*Problem requirements*: Pictures aside, copy exactly the lines running from the one with "Simra DN 23 A D" to the end of the records.

Captioned web images
Segment Open
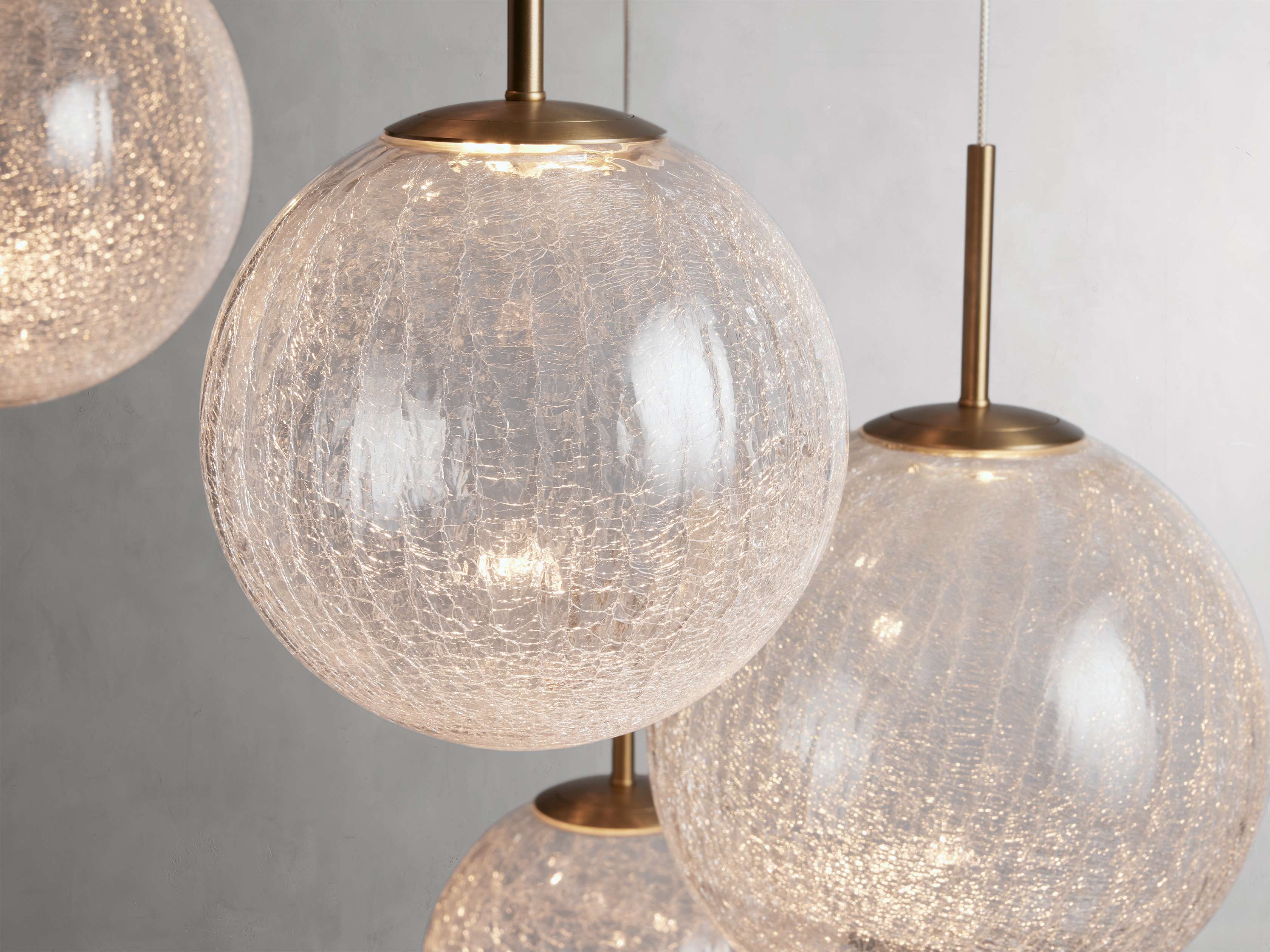 Casen Modern Satin Crystal Round Chandelier - Image 23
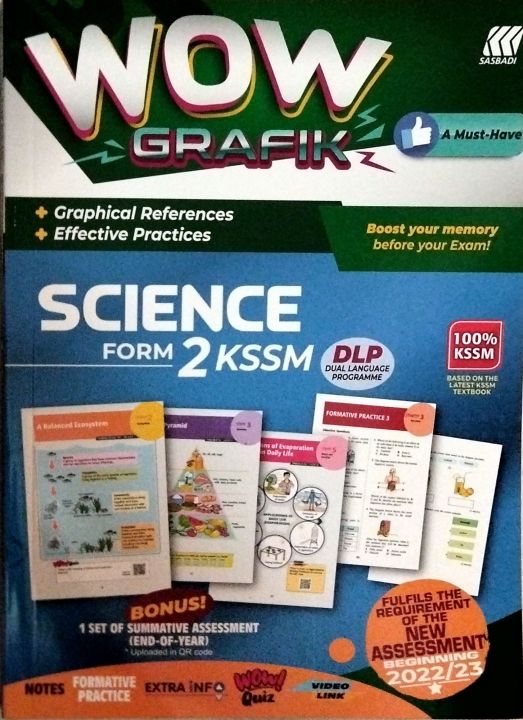 [SASBADI] 中二 科学 （英文版） Form 2 Science KSSM Wow GRAFIK | Lazada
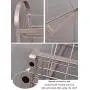 Metal Spice Rack Spice Jars Bottle Holder Storage Organiser Shelf Rack for 3Tier Kitchen Pantry, Cabinet, Counter Top Or Free Standing,a Metal Spice Rack Spice Jars Bottle Holder Storage Organiser Shelf Rack for 3Tier Kitchen Pantry, Cabinet, Counter Top Or Free Standing,a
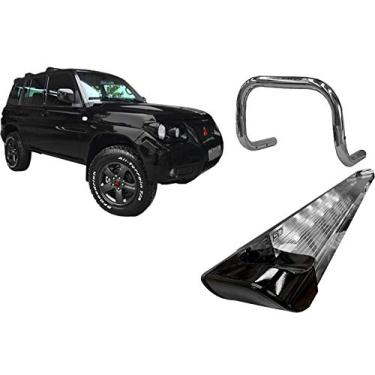 Imagem de Kit Quebra mato+Estribo PRETO BRILHANTE TR4 todos os anos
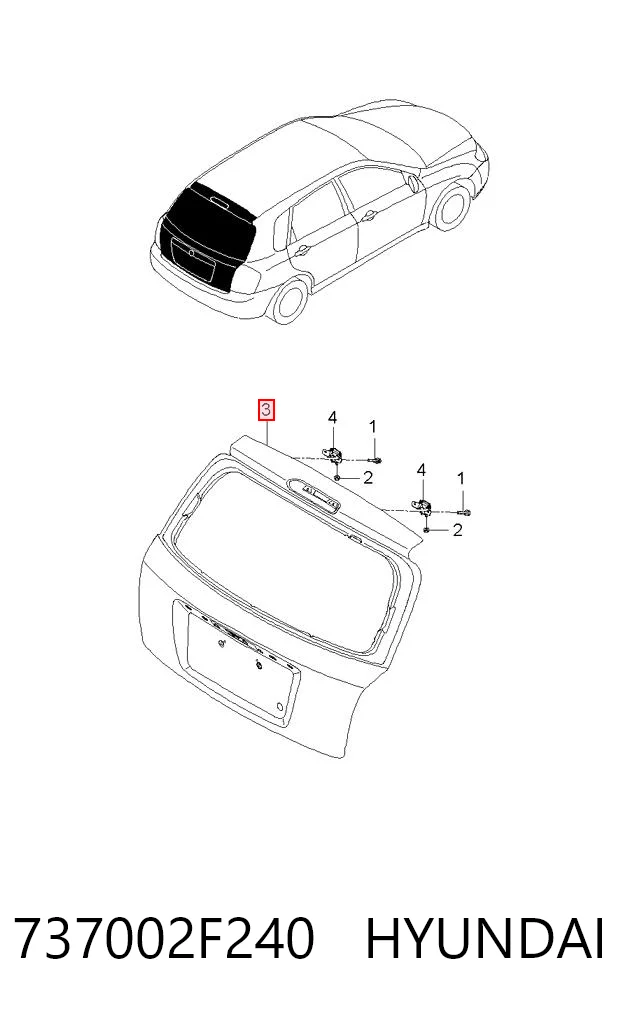 Треті двері на KIA Cerato I LD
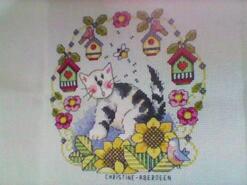 Cross stitch square for Jessie T's quilt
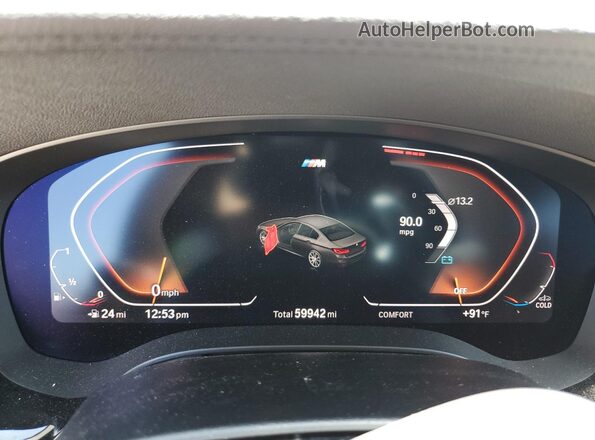 WBAJS1C03LCE04350 2020 BMW 5 SERIES Black Vista del cuadro de instrumentos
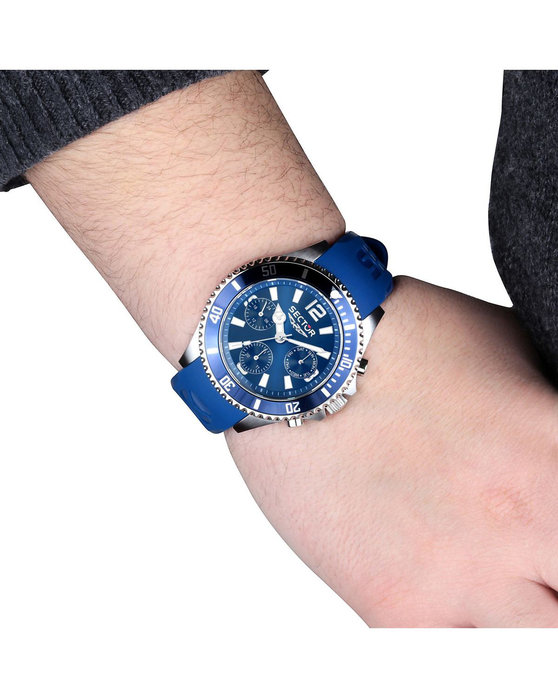 SECTOR 230 Blue Rubber Strap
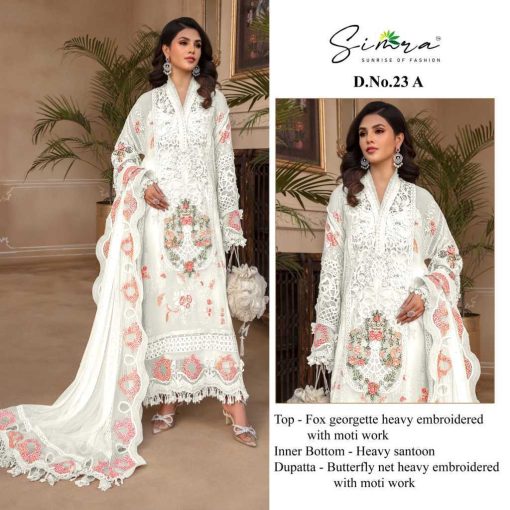 Simra DN 23 A D Georgette Salwar Suit Catalog 4 Pcs 1 510x510 - Simra DN 23 A-D Georgette Salwar Suit Catalog 4 Pcs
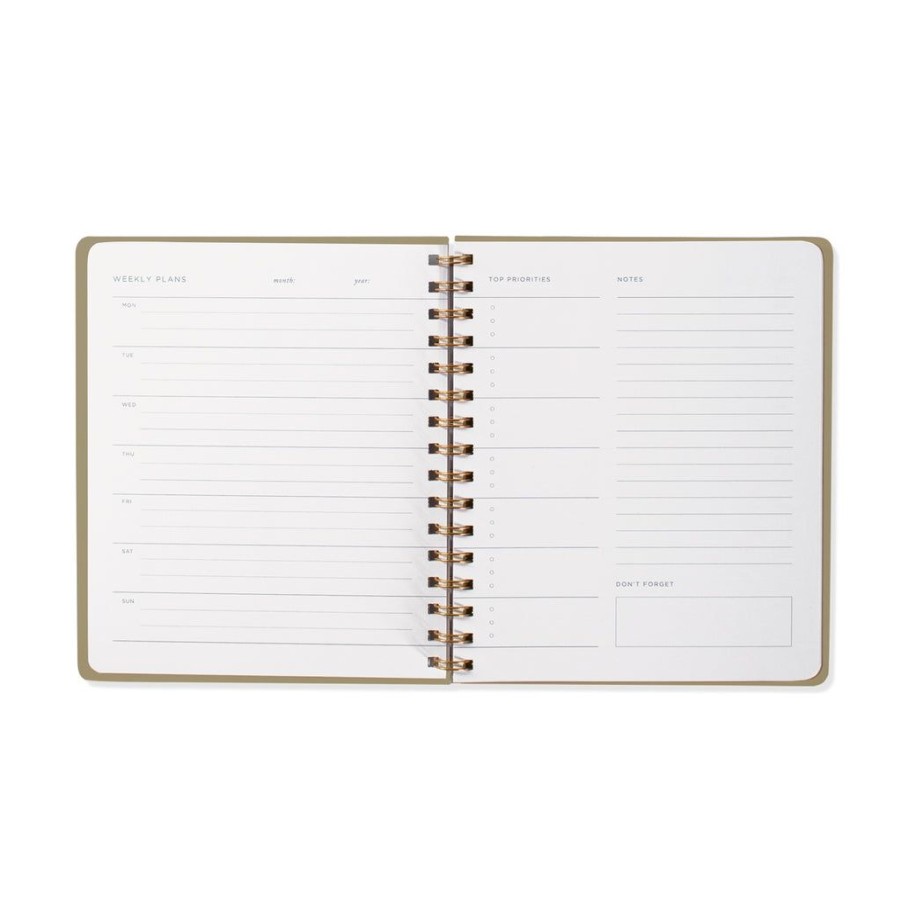 Products Fringe Studio | Mg White Sweater Non-Dated Weekly Planner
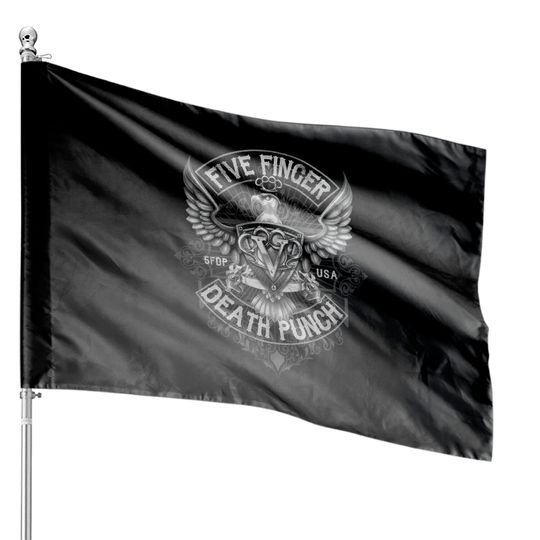 Discover Five Finger Death Punch Got Your Six 1  House Flags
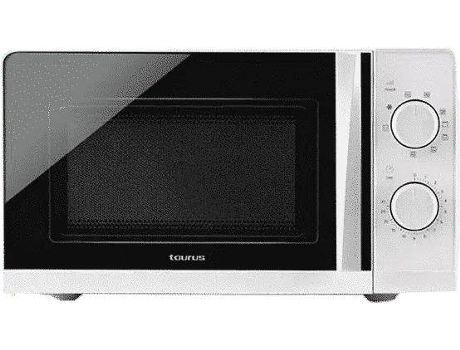 Microondas TAURUS READY GRILL (20 L - Con Grill - Negro)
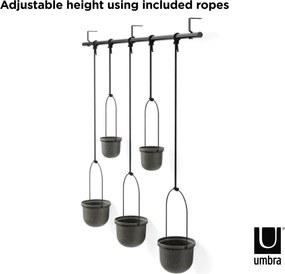 Set di coprivaso in plastica per erbe aromatiche/da appendere/parete 5 pz ø 7,5 cm Triflora – Umbra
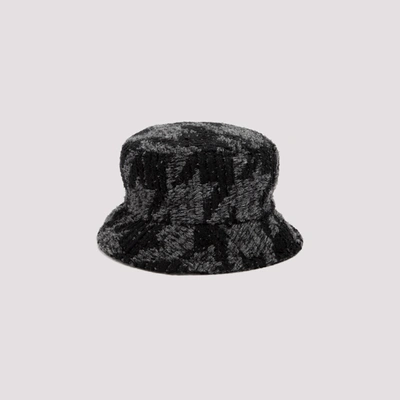 Shop Maison Michel Axel Tweed Hat In Black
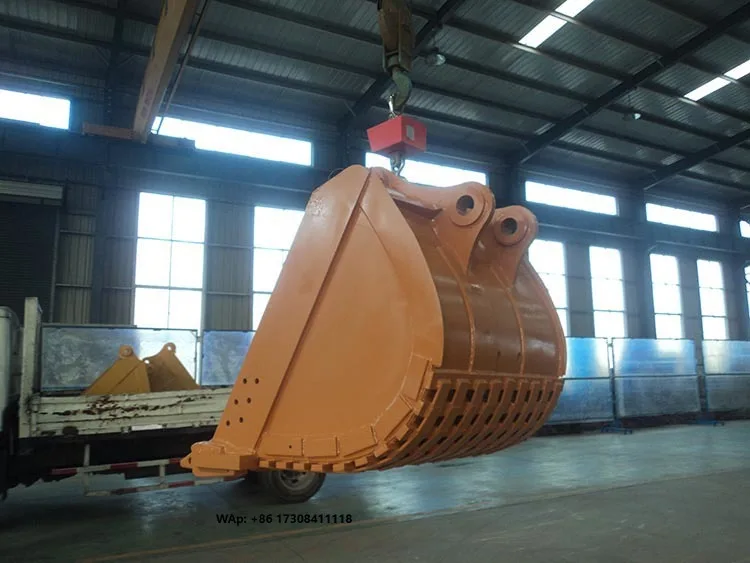 MONDE High Strength Rock Bucket Excavator Attachment 1-400T for Stone Quarry Use 3-Month Warranty Shandong Origin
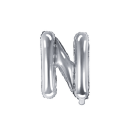 Partydeco Folienballon Buchstabe N Silber 35cm-1St
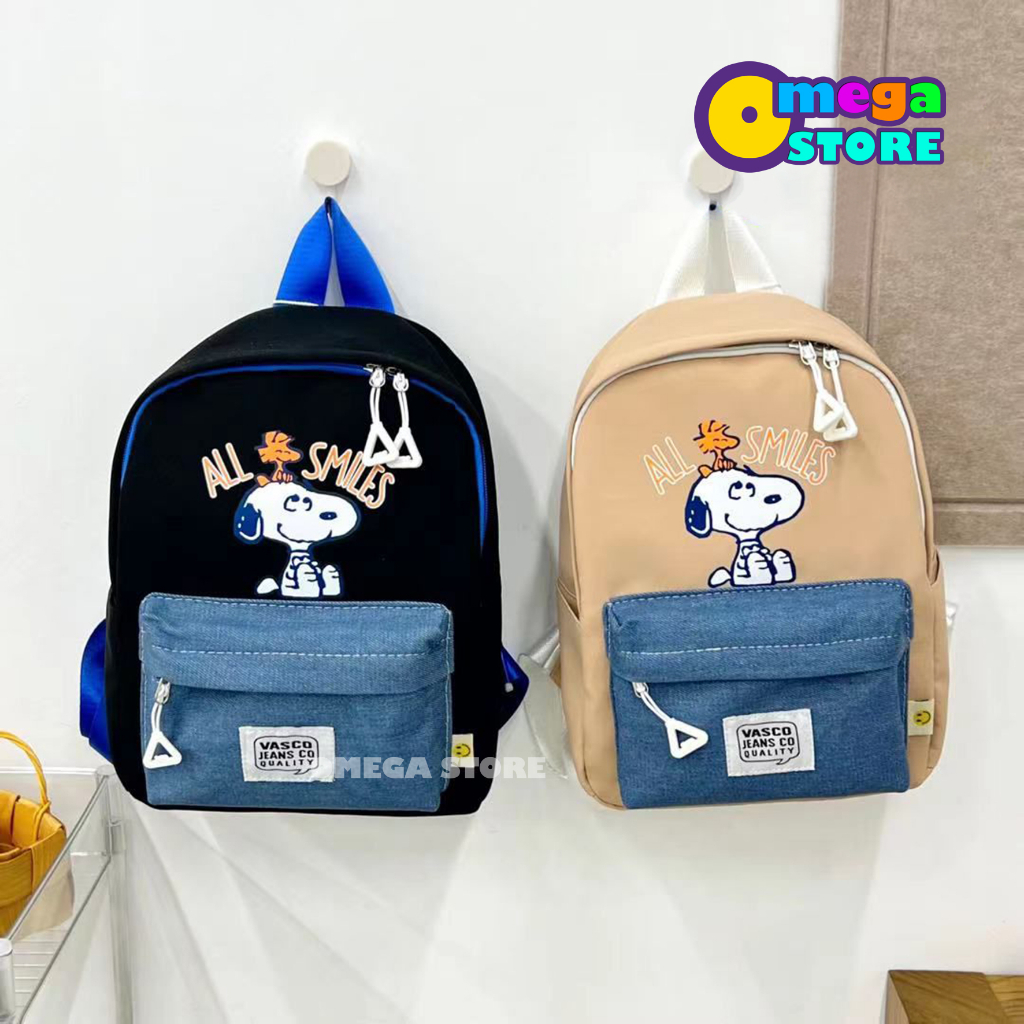 [O&amp;S]Tas Ransel Anak Sekolah Paud/TK Karakter Snoopy Cartoons Tas Punggung Backpack Terbaru - 303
Segment Closed
*Problem solution*:
 Simra DN 23 A D Georgette Salwar Suit Catalog 4 Pcs 1 510x510 - Simra DN 23 A-D Georgette Salwar Suit Catalog 4 Pcs
 Products Fringe Studio | Mg White Sweater Non-Dated Weekly Planner
 Discover Five Finger Death Punch Got Your Six 1  House Flags
 Microondas TAURUS READY GRILL (20 L - Con Grill - Negro)
 Set di coprivaso in plastica per erbe aromatiche/da appendere/parete 5 pz ø 7,5 cm Triflora – Umbra
 Shop Maison Michel Axel Tweed Hat In Black
 MONDE High Strength Rock Bucket Excavator Attachment 1-400T for Stone Quarry Use 3-Month Warranty Shandong Origin
 Partydeco Folienballon Buchstabe N Silber 35cm-1St
 [O&amp;S]Tas Ransel Anak Sekolah Paud/TK Karakter Snoopy Cartoons Tas Punggung Backpack Terbaru - 303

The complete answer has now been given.